Wednesday, October 26, 2016

Time for the annual tax tinkering – Ukraine


Certain things are traditional in Ukraine when it comes to the New Year.

Among those perennials are changes to the tax system.  Indeed “с новым годом” could be a secret code for inevitable tax system tinkering.

(For example 1st January 2015 brought about changes to the Tax Code as required by the IMF when Ukraine was desperate for money.  As it no longer is IMF dependent, clearly it can be expected that the political will to further meet IMF requirements will evaporate within the Verkhovna Rada – though not necessarily within the Cabinet or Presidential Administration.  The February 2017 tranche may never arrive.)
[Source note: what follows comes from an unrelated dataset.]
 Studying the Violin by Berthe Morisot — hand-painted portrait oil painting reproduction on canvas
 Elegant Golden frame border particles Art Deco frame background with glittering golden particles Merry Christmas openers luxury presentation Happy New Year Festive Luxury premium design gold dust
This year Draft Laws 4117 and 3357 submitted by Chairwoman of the Verkhovna Rada Tax and Customs Committee Nina Uzjanina look set to try and (radically) change the tax system once again.

Naturally there is nothing wrong with policy (and any associated legislative) change as long as that policy is will be effective rather than ineffective – and certainly not counterproductive.  In this particular case, to be blunt, if these drafts laws are passed then for them to be effective there would ideally be a period of education as to what the system is, how it works, and the responsibilities of taxpayer and State within it.

Hence 1st January may traditionally be an ideal time to adopt a new Tax Code or amendments to it, but attempts at changing that Tax Code in November with so little time for “education” is probably not such a wise move.  This is perhaps particularly the case when part of the draft legislation effects a move from a “paper” tax administration to “e-tax” administration for commerce across the entire nation.

There is no need to go into any of the proposals within the draft legislation in detail when there are some fundamental questions to ask first.

A reader will perhaps be reminded of the still on-going debacle that is the e-declaration for the higher echelons of those holding public office.  (Although it is a good bet that almost all those required to make such e-declarations will do so, it is what follows thereafter regarding system functionability, legality, security, and those repercussions upon criminal liability that are far less certain.)

The most obvious question regarding a national e-commerce tax system is whether the entirety of its commercial entities have access to “e”, or rather the Internet.  Not only with regard to Internet coverage but also access to the hardware to actually comply with any e-commerce tax declaration.

(Who pays for the hardware will become a very prickly social/business issue too – especially for the very small business outlets.)

The next question, on the presumption the entire nation is “on-line” and possesses the relevant hardware, is whether they will actually understand the e-commerce system, and if they do, will their customers who may require (or simply) want “paper” as a result of their transaction?

Also, no differently from the e-declaration system, there will be big questions relating to data security, system integrity and reliability, and in this case actual tax payment confirmation – or not.

If the system is compromised due to poor security, how to insure the data only not missued but also is not wiped by those that nefariously enter?  How much tax would be lost between the time of the last system back-up and eventually getting it back on line?  Is Ms Uzjanina proposing a “high side” system used by literally millions of “low side” users in such a system?  Not an impossibility of course, but it would require a filter that prevented “high side” being sucked out through “low side” as the IoT is becoming quite a hazardous place when it comes to defending system integrity.

How much would all this cost?  Undoubtedly Ukraine will adopt such a system sooner or later – as it should – but is it a priority?

Arguably it could be said it will assist in bringing the black/grey economy into the white – if the system infrastructure (both hard and soft), policing, and the business will is there to facilitate it.  If that were the case the argument is that it would therefore swiftly pay for itself.  It would also remove a lot of person to person interaction with the tax authorities thus theoretically reducing opportunities for corruption.

Nevertheless, societal perceptions count, and many will ask if there are more pressing priorities for the limited budgetary funds that have to be met in the immediate term?

Needless to say if these draft laws are adopted (despite some questionable detail deliberately omitted here)  it would certainly be wise to allow for the parallel running of both paper and e-systems for a (fairly lengthy) transitional period  – not only for technical reasons, nor the fact that not all commercial enterprises will have the ability to comply with an e-system, but also for business and societal familiarity to occur.  In fact is there a reason that both systems could not or should not run?  Would it be prudent to run both?

As usual New Year approaches and Ukrainians have come to see tax legislation as inevitable as socks, aftershave and style-less jumpers/cardigans as part of the festive season.  This year is clearly no different.